American dream pop band

The High Violets are an American dream pop band from Portland, Oregon, United States.

==History==
The High Violets were formed in late 1998 after the breakup of Portland band The Bella Low by former members Clint Sargent, Luke Strahota and Violet Bianca Grace. This lineup was short-lived however as Grace left after a few gigs. Sargent and Strahota then joined forces with Allen Davis of Echoplex. Soon after Sargent recruited Kaitlyn Ni Donovan to complete the line up. After self-releasing an EP entitled Dream Away, they signed to Irish label Reverb Records and released 44 Down in 2002. Four years later, they followed up with the critically acclaimed To Where You Are, also on Reverb. The group also performed at SXSW in 2006. In 2007, they performed at NXNE and released a remix album, Satellite Remixes, which featured Ulrich Schnauss and Carmen Rizzo among others. Although the band is currently on hiatus from touring and live performances they have been active in the studio. Their fifth full-length album Heroes and Halos, released April 1, 2016, was listed on PopMatters 10 Best Shoegaze and Dream pop Albums 2016. In 2021 they released the B-Sides & Rarities album.

==Discography==
- Dream Away EP (Self Released 2000)
- 44 Down EP (Reverb Records, 2002)
- Invitation EP (Self Released 2005)
- To Where You Are (Reverb, 2006)
- Satellite Remixes (Reverb, 2007)
- Cinema (Comet Rock, 2010)
- Heroes and Halos (Saint Marie Records, 2016)
- B-Sides & Rarities (Comet Rock, 2021)

==Compilations==
- Northwestern Presents... Rock Stars Attack! (2000)
- NW Shoegazer Bliss (2002)
- In a Different Place (2003)
- Fuzzy Ball (2004)
- MusicfestNW '06 (2006)
- Missing Deadlines - Ulrich Schnauss Remixes (2010)
- Rock Back for Japan, volume 5 (2011)
- Static Waves Saint Marie Records (2012)
- Static Waves 2 Saint Marie Records (2013)
- Static Waves 3 Saint Marie Records (2014)
- Static Waves 4 Saint Marie Records (2015)
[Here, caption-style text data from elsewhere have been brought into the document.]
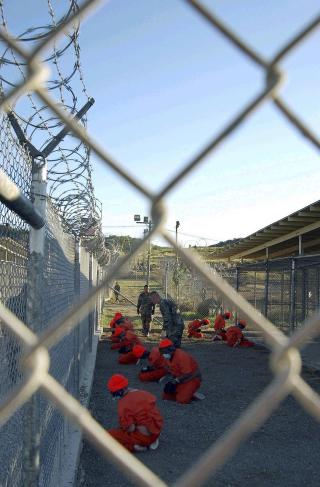 BEKYMRET: Det amerikanske forsvarsdepartementet Pentagon kaller vurderingene i dokumentene �yeblikksbilder som n� kan v�re utdaterte. En vurdering av de innsatte i 2009 kom til andre konklusjoner enn WikiLeaks-dokumentene, if�lge Pentagon. Foto: REUTERS/DoD /Petty Officer 1st class Shane T. McCoy, U.S. Navy/Handout/Scanpix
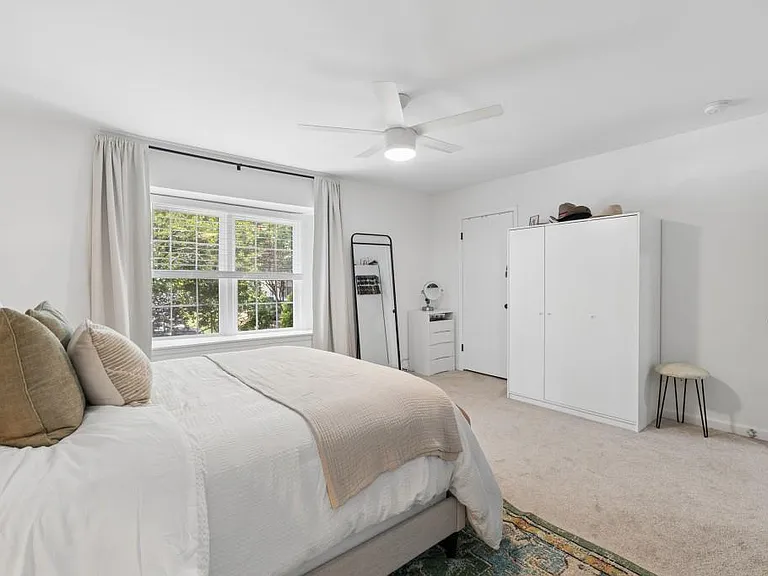 140 Amherst Pl NW — Photo 14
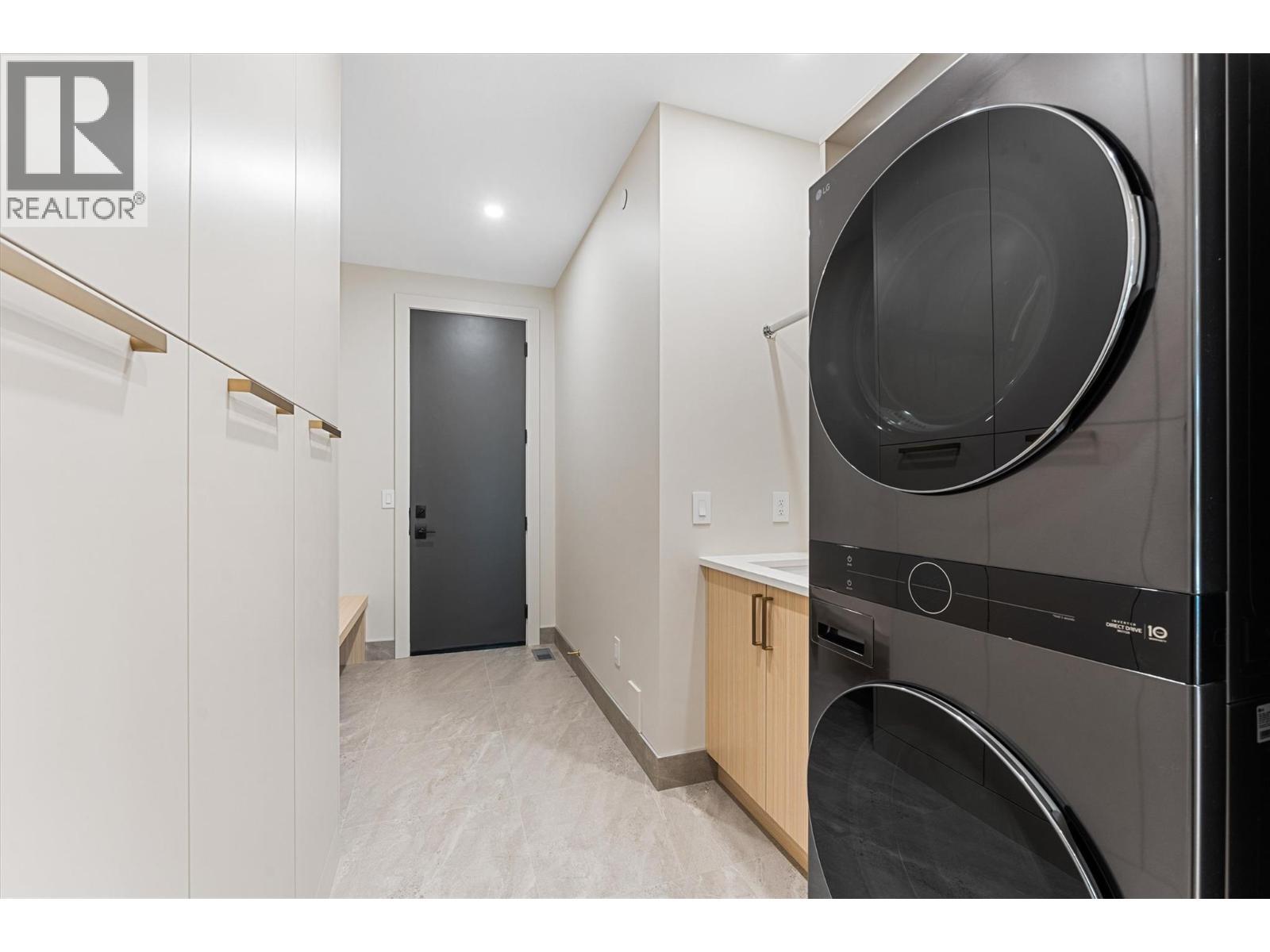 10313 Long Road. Lake Country, British Columbia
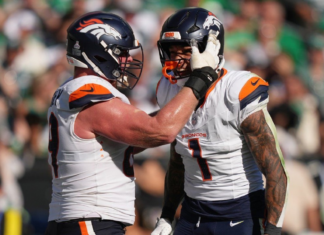 Broncos rally from 14-point deficit to beat Eagles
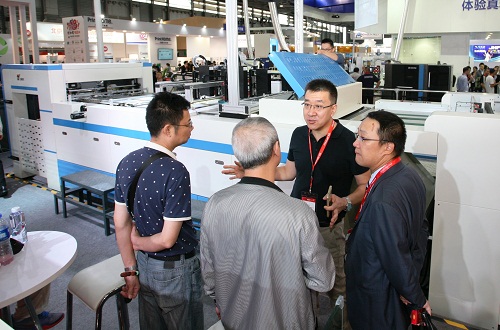 方正電子副總裁盧衛(wèi)東為觀眾介紹桀鷹H500.jpg 方正電子副總裁盧衛(wèi)東為觀眾介紹桀鷹H500.jpg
==Song appearances in media==
The High Violets songs have been featured in various television shows, including:
- MTV Fraternity Life
- MTV Sorority Life
- CW Life Unexpected
- Direct TV You Me Her
The High Violets song Chinese Letter Remix (Ulrich Schnauss remix) was featured in the film and film soundtrack Water Wings.